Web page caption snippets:
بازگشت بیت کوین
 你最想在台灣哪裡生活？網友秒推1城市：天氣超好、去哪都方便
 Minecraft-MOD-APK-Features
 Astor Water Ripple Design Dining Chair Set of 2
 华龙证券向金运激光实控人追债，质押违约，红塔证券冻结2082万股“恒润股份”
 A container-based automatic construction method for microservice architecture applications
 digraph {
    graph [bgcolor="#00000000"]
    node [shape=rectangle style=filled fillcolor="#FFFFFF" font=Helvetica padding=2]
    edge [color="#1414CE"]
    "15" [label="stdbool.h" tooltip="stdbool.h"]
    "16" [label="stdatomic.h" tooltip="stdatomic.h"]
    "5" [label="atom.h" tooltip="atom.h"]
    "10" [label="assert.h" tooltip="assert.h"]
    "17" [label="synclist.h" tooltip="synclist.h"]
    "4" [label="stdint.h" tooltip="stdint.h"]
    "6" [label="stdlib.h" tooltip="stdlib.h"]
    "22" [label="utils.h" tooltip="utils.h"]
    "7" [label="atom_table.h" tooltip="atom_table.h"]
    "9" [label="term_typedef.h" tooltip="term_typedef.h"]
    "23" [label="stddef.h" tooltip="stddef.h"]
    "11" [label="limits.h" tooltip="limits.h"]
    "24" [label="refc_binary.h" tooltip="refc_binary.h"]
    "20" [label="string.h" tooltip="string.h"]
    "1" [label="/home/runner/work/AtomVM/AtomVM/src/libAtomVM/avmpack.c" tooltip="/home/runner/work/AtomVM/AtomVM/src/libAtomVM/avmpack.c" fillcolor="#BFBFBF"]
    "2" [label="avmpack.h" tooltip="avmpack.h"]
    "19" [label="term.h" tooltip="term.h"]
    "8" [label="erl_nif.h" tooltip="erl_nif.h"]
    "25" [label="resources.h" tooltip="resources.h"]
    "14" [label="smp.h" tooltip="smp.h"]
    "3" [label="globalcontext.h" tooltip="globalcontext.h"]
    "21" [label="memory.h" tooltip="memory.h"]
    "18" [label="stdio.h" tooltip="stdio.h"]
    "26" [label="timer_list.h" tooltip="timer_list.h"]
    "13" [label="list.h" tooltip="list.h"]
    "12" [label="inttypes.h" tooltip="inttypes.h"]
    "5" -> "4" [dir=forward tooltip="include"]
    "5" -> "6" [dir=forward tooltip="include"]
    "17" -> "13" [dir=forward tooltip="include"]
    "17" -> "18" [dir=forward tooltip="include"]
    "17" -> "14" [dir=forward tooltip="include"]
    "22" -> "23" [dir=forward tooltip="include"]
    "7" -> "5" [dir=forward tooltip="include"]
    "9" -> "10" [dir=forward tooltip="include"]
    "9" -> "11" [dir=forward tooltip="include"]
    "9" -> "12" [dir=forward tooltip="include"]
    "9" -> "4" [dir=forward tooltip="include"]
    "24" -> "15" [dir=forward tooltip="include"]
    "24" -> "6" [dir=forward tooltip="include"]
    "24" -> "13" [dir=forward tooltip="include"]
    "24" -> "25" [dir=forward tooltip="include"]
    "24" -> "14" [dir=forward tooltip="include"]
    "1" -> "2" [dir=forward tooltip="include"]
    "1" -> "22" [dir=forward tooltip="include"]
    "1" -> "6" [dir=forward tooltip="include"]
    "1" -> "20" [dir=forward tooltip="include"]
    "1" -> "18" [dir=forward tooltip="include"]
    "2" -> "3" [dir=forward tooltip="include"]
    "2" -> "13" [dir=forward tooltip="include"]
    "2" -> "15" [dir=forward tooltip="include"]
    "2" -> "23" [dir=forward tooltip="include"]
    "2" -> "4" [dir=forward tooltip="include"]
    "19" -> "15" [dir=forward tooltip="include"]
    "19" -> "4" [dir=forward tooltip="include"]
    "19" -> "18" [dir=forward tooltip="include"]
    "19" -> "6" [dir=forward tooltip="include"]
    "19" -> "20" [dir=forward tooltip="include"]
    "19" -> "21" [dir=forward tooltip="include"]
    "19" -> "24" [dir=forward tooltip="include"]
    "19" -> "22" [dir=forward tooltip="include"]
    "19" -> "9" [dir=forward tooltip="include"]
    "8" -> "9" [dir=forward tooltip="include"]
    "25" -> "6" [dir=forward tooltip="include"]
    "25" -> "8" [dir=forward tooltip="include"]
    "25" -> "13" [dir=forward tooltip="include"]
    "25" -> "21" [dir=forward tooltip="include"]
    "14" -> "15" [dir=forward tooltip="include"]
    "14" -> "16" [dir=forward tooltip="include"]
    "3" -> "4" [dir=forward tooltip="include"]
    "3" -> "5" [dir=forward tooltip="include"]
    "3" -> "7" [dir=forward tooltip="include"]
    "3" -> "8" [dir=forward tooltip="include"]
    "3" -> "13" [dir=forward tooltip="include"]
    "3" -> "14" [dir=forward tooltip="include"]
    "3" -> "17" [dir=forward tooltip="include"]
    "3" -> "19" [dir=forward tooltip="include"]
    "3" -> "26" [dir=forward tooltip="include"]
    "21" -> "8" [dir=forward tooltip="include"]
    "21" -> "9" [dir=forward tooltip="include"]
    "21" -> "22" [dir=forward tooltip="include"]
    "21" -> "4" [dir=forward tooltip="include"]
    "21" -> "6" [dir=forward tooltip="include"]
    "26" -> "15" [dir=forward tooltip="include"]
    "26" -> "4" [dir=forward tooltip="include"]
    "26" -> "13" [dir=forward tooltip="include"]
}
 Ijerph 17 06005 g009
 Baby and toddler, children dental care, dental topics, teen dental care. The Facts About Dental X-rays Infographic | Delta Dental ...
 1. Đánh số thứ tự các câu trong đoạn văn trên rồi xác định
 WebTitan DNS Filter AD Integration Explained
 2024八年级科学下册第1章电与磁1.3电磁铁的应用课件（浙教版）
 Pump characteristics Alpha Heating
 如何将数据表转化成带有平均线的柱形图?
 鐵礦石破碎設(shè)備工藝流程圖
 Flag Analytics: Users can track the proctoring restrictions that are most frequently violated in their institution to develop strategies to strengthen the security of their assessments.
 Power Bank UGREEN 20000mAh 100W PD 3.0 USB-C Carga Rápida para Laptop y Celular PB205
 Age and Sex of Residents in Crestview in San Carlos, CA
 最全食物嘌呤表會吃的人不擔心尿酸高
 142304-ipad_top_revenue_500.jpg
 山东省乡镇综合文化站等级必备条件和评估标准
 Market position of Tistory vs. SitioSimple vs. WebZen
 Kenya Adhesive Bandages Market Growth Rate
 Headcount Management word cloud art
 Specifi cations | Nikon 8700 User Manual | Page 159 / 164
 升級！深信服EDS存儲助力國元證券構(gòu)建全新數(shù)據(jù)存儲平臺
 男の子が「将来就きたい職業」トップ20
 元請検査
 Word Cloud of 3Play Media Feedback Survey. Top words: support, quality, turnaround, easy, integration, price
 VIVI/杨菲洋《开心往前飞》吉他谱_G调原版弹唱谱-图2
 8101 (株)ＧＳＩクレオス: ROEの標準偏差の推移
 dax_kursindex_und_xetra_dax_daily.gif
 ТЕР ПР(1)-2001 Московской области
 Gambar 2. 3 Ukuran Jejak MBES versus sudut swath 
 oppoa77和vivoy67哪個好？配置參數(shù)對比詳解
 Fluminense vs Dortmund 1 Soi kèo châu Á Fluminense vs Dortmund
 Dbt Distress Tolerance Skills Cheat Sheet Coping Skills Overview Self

● What this task involves:
Lines holding the string "Market" must be copied out of the entries above.

● Solution:
 Market position of Tistory vs. SitioSimple vs. WebZen
 Kenya Adhesive Bandages Market Growth Rate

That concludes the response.